- [Problem to work on]
Taking the line containing "15 Nottingham Way" as the first and the last line of the entries as the end, reproduce every line between them exactly, including both.

Entries taken from a collection
* * *

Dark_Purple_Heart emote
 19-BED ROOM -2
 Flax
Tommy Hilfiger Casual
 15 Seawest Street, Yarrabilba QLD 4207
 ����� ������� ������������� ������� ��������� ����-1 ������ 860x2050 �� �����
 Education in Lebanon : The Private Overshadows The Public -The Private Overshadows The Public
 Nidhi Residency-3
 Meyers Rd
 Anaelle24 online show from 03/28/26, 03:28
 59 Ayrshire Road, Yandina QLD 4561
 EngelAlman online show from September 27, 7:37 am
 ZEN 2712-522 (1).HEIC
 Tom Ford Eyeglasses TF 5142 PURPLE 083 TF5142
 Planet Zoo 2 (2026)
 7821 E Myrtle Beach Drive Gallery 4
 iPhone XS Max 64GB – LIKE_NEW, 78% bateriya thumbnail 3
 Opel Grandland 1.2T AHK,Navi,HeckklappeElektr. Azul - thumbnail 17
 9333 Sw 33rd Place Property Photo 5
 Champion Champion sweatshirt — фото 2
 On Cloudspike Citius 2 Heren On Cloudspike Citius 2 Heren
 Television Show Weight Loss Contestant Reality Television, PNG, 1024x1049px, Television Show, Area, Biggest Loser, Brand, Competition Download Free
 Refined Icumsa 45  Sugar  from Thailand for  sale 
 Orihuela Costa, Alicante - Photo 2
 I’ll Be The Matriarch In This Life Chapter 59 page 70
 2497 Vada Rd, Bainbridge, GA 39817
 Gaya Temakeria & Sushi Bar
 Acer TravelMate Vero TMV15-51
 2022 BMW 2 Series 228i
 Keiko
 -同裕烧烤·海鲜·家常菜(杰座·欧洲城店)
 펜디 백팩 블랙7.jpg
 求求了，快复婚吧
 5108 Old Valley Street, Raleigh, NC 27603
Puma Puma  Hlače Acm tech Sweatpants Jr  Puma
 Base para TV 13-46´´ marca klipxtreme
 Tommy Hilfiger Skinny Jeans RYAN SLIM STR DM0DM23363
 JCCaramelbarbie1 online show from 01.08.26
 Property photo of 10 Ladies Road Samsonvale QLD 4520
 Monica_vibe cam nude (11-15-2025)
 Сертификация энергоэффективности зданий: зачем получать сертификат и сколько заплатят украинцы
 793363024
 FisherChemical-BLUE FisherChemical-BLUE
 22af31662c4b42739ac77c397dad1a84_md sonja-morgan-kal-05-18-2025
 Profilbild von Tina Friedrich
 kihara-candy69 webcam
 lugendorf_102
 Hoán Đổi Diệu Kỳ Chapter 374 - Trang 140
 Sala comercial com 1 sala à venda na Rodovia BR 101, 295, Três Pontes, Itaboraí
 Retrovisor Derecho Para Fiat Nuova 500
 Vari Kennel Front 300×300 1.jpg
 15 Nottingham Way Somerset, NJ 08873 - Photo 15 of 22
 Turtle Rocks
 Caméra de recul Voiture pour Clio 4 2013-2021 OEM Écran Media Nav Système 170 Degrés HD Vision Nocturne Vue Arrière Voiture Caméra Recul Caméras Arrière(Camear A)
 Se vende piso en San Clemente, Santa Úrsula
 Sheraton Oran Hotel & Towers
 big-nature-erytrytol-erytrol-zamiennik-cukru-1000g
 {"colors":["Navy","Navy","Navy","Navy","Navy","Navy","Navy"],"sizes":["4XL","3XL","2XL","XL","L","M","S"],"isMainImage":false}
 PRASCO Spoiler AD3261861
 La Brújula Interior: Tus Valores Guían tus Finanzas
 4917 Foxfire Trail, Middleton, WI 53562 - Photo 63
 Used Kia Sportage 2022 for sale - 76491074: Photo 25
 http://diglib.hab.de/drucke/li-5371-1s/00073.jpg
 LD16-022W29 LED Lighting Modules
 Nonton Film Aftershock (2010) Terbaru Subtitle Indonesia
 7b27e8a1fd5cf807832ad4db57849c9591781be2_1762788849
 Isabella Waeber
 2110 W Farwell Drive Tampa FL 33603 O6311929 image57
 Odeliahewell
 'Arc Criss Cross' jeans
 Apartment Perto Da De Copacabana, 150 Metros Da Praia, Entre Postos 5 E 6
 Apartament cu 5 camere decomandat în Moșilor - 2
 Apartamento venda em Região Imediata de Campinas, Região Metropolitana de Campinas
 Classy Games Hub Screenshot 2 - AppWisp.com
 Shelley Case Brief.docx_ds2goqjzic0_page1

* * *

- [Task answer]
 15 Nottingham Way Somerset, NJ 08873 - Photo 15 of 22
 Turtle Rocks
 Caméra de recul Voiture pour Clio 4 2013-2021 OEM Écran Media Nav Système 170 Degrés HD Vision Nocturne Vue Arrière Voiture Caméra Recul Caméras Arrière(Camear A)
 Se vende piso en San Clemente, Santa Úrsula
 Sheraton Oran Hotel & Towers
 big-nature-erytrytol-erytrol-zamiennik-cukru-1000g
 {"colors":["Navy","Navy","Navy","Navy","Navy","Navy","Navy"],"sizes":["4XL","3XL","2XL","XL","L","M","S"],"isMainImage":false}
 PRASCO Spoiler AD3261861
 La Brújula Interior: Tus Valores Guían tus Finanzas
 4917 Foxfire Trail, Middleton, WI 53562 - Photo 63
 Used Kia Sportage 2022 for sale - 76491074: Photo 25
 http://diglib.hab.de/drucke/li-5371-1s/00073.jpg
 LD16-022W29 LED Lighting Modules
 Nonton Film Aftershock (2010) Terbaru Subtitle Indonesia
 7b27e8a1fd5cf807832ad4db57849c9591781be2_1762788849
 Isabella Waeber
 2110 W Farwell Drive Tampa FL 33603 O6311929 image57
 Odeliahewell
 'Arc Criss Cross' jeans
 Apartment Perto Da De Copacabana, 150 Metros Da Praia, Entre Postos 5 E 6
 Apartament cu 5 camere decomandat în Moșilor - 2
 Apartamento venda em Região Imediata de Campinas, Região Metropolitana de Campinas
 Classy Games Hub Screenshot 2 - AppWisp.com
 Shelley Case Brief.docx_ds2goqjzic0_page1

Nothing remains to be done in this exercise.